Jata Niara smiled and then patted the omega's shoulders. He appeared earnestly worried. She did have one other question that needed to be asked, "Who built all of these basins? The stone flooring with holes? Ingenius."
"My brother built them," Elijah said with reddened cheeks. "But--they--I drew up the plans for them. We always had them here, but they were starting to fall apart, and they would get sick if they stayed here long enough. One of us has to learn how these things work to update them with what we have here."
Her eyes scrolled over the omega and then said, "May I see them?"
With a bit of hesitation, he looked over his shoulder and waffled between them before slowly nodding. "I have a few sheets that I could show you." and grabbed one of the wax lanterns to carry along with.
He led her through the corridors again but this time it was truly a maze. From blue to green, then red to yellow, and green again, until they reached a homely, open area with cut-off rooms and a much simpler bathing system in between.
Shaking a door furthest to right open, Elijah hooked the lantern in the exterior where there was a table with used cotton and scribbles written over them. The extensive mapping drawn on the slips of cotton were well-measured, thick, and easily understood lines.
Although much of this was rough and not entirely doable within the context of the scribbles, the imagination and ideas were strong.
An idea of her own started to come together.
"How long would it take to build a system like this underground housing?"
Elijah scoffed. "This took generations for it to function as well as it does. And half of it was done by me. It would take years just to start the foundations."
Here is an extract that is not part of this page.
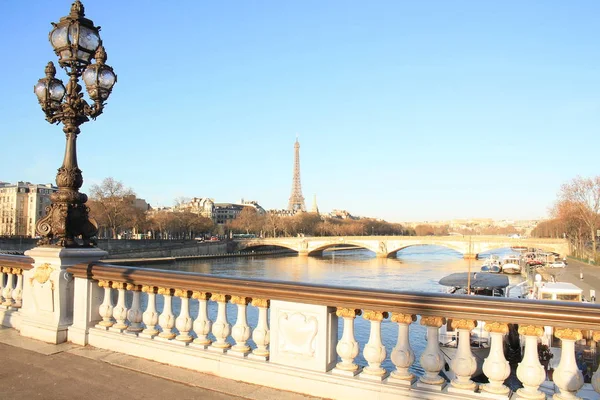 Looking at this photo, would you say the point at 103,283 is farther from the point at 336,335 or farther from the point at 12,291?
the point at 336,335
Her hands tapped against the table, and then she said, "What if we take our time and build it section by section, like blocks, easily carved off. We'll need thick columns and breathing holes that won't obstruct the stability above."
She balanced the gold pouch hitched inside of her waistclothes to weigh it mentally. It was about three hundred gold give or take twenty and tossed it onto his thick fur bedding with a plomp.
The omega was flabbergasted. "Why? I don't understand."
"I prefer working in the darkness," she confessed and then she flipped through more slips of the designs. There were other ideas outside of the underground housing like better aqueducts, smaller fountains, and even filtration. She stumbled around the idea of allowing the outer reaches of the Empire more access to clean water but much of their research was taken "under review" by the Carolingian Empire when their plague struck. Elijah's writings might be the only references to those works in the entire empire. "I think that we could work well together. Very very well together."
"I'm sorry," Elijah smiled weakly. "I don't even know your name."
"You should pack your things and be prepared to leave, tomorrow," She neatly stacked his slips on his table. "Hide these from your father and your brother. Let me know by tomorrow evening if you're not interested."
"And--" the omega paused and then began wringing his hands. "--if I am interested? Possibly?"
"You won't be seeing your family for a long while," she said. "Or leave the darkness."
"I don't mind the darkness."
"Good. It's not as though you'll be alone."
The last thing she remembered was his shy nod.